簡易檢索 / 詳目顯示

研究生: 黃韋程
Huang, Wei-Cheng
論文名稱: 應用於人工智慧邊緣裝置且基於零點交越放大技術之全類比式記憶體內運算技術
A Fully Analog Computing-in-Memory Design with Zero-Crossing-Based Amplification for Edge-AI Devices
指導教授: 張順志
Chang, Soon-Jyh
學位類別: 碩士
Master
系所名稱: 電機資訊學院 - 電機工程學系
Department of Electrical Engineering
論文出版年: 2024
畢業學年度: 112
語文別: 英文
論文頁數: 175
中文關鍵詞: 全類比記憶體內運算電荷運算零點交越放大技術權重電容分裂技術過充現象消除技術人工智慧處理器
外文關鍵詞: fully analog Computing-in-Memory (CIM), charge domain computation, zero-crossing-based amplification, weighted capacitor splitting method, overshoot cancellation technique, AI processor
相關次數: 點閱:76下載:0
分享至:
查詢本校圖書館目錄 查詢臺灣博碩士論文知識加值系統 勘誤回報
  • 本論文提出一個應用於人工智慧邊緣裝置的全類比式記憶體內運算處理器。以往的記憶體內運算架構都須藉由數位類比轉換器、類比數位轉換器以及大量的儲存器來實現神經網路層間訊號傳遞,然而量化雜訊將有可能限制神經網路的準確率,故本論文提出使用放大器模擬神經元訊號傳輸,藉此增加神經網路精度及降低儲存器的數量,實現感測器旁的全類比式神經網路運算的方式。為此,本論文提出四種技巧來實現此電路: (1)基於靜態隨機存取記憶體單元的九顆電晶體運算單元、以電荷重分布的技術達成相對於電流方式更為線性的乘加運算;(2)依權重比例切分電容,並以電荷平均的技術配合電容開關切換,創造出有號數八位元權重運算,相較於傳統數位移位加法器加總的方式,所提出的方法不僅快又省電,且不受量化雜訊限制;(3)結合激活函數與零點交越式放大器避免不必要的傳輸放大,並解決傳輸電路靜態功耗的問題;(4)過充消除技巧來解決零點交越式放大器放大過程所產生的過充現象。
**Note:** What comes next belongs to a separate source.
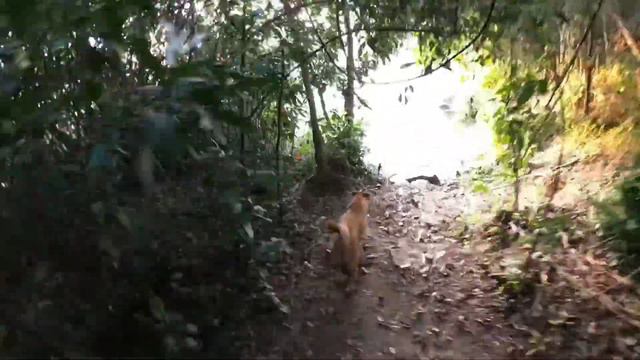 Уганда. Кемпинг. 6. Выход на каталку. смотреть онлайн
    本晶片使用台積電180nm CMOS 1P6M製程製造,核心面積為20.98 mm2 實現類比輸入 / INT8權重 / 類比輸出之運算,784x100x10的全連接層神經網路。在1.3V及100MHz時脈操作下,運算吞吐量為441-GOPS,乘加運算為效1880-TOPS/W,全網路運算能效為117-TOPS/W,MNIST資料集辨識準確率約為91.48%。

    This thesis presents a fully analog processing Computing-in-Memory (CIM) chip designed for artificial intelligence (AI) edge devices. In the past, conventional CIM architectures typically used digital-to-analog converters (DACs), analog-to-digital converters (ADCs), and extensive registers to achieve signal transmission between layers of neural networks. However, quantization noise plays a non-ignorable role in the accuracy of neural networks. Therefore, this thesis proposes the use of amplifiers to imitate signal transmission between neurons, aiming to enhance the accuracy of neural networks and reduce the number of registers, thereby realizing a fully analog neural network computation approach at the sensor. To achieve this, the thesis proposes four techniques for this approach: (1) A static random-access memory (SRAM)-based 9T1C computing cell performs the Multiply-Accumulate (MAC) computation through charge redistribution, achieving better linearity compared to current-domain computation. (2) Capacitors are split based on binary-weight ratios and combined with switching capacitor (SC) method to create signed 8-bit weighted MAC through charge sharing. Comparing with conventional digital shifter-adder-based method, this method is not only faster and more power-efficient but also offers high accuracy if the noise floor is sufficiently low. (3) Integrate the ReLU function into the zero-crossing amplifier to avoid unnecessary signal amplification, resulting in a significant reduction in energy consumption. (4) The overshoot cancellation technique for resolving the overshoot errors in the zero-crossing-based amplification.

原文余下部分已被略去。